Lines before the one containing "Background with glass" are left out; return that line and every line after it exactly, through the end of the data below.
┌────────
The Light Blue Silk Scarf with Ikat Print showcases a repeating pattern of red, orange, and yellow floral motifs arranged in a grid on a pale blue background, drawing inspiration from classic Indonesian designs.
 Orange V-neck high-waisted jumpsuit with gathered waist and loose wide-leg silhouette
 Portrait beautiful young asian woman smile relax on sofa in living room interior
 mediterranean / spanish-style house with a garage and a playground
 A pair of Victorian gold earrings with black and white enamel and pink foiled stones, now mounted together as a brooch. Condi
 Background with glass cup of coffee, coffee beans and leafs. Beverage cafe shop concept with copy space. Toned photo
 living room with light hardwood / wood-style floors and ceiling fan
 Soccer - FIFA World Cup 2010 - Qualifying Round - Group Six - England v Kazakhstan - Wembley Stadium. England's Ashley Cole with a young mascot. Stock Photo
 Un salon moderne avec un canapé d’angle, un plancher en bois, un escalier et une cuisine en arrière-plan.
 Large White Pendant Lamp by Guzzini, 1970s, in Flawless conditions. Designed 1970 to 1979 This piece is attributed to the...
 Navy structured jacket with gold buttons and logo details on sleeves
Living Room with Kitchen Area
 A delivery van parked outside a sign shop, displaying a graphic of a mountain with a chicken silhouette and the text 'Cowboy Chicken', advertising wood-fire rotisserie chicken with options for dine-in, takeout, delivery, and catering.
└────────
**Solution to this exercise:**
 Background with glass cup of coffee, coffee beans and leafs. Beverage cafe shop concept with copy space. Toned photo
 living room with light hardwood / wood-style floors and ceiling fan
 Soccer - FIFA World Cup 2010 - Qualifying Round - Group Six - England v Kazakhstan - Wembley Stadium. England's Ashley Cole with a young mascot. Stock Photo
 Un salon moderne avec un canapé d’angle, un plancher en bois, un escalier et une cuisine en arrière-plan.
 Large White Pendant Lamp by Guzzini, 1970s, in Flawless conditions. Designed 1970 to 1979 This piece is attributed to the...
 Navy structured jacket with gold buttons and logo details on sleeves
Living Room with Kitchen Area
 A delivery van parked outside a sign shop, displaying a graphic of a mountain with a chicken silhouette and the text 'Cowboy Chicken', advertising wood-fire rotisserie chicken with options for dine-in, takeout, delivery, and catering.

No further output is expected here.